▶ [TRY IT] Beginning with the line that holds "de Liga Nacional" and ending with the last line below, repeat each line exactly, leaving any pictures out.

▶ [COLLECTED MATERIAL]
= = = = =

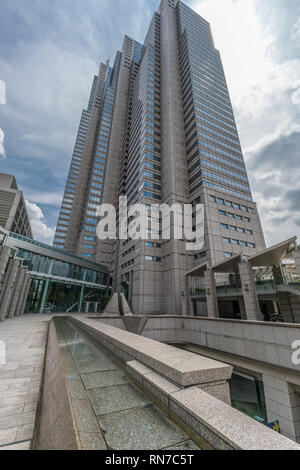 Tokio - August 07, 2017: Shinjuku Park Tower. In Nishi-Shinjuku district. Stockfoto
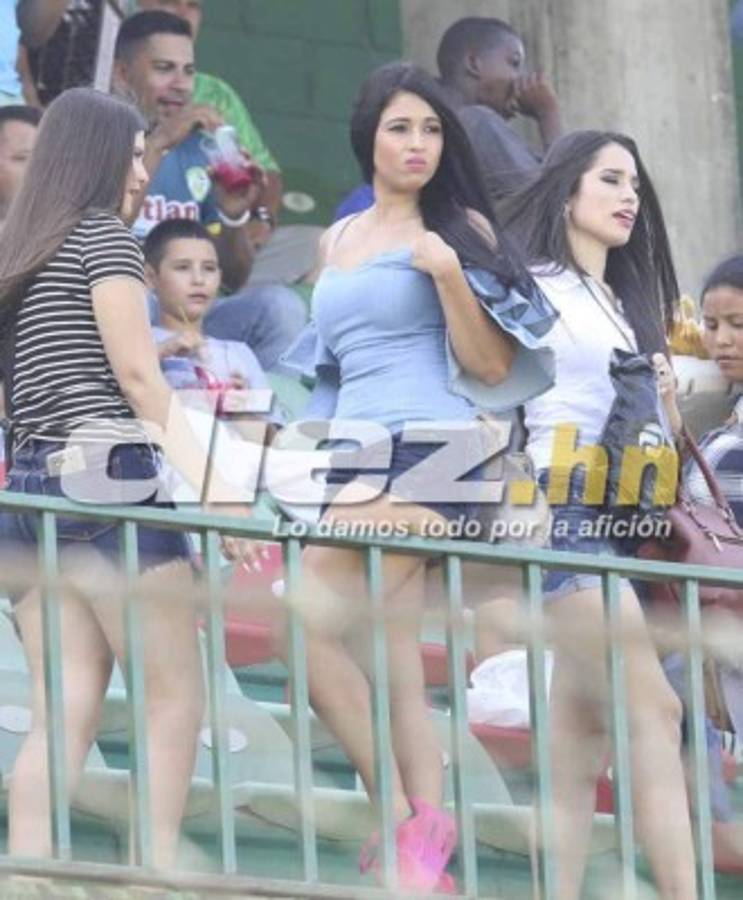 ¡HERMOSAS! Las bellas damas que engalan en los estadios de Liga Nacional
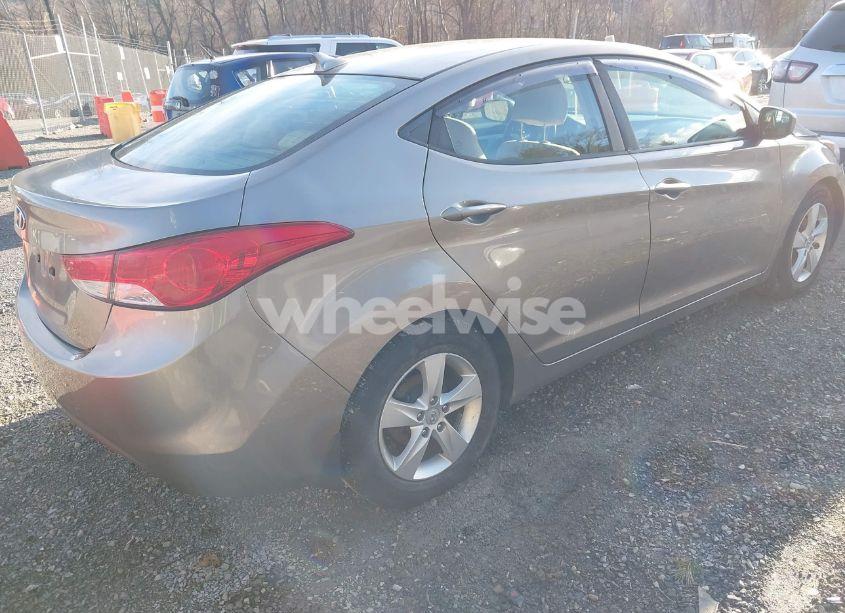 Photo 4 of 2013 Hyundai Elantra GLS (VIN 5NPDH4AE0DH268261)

= = = = =

▶ [SOLUTION TO THIS PROBLEM]
 ¡HERMOSAS! Las bellas damas que engalan en los estadios de Liga Nacional
 Photo 4 of 2013 Hyundai Elantra GLS (VIN 5NPDH4AE0DH268261)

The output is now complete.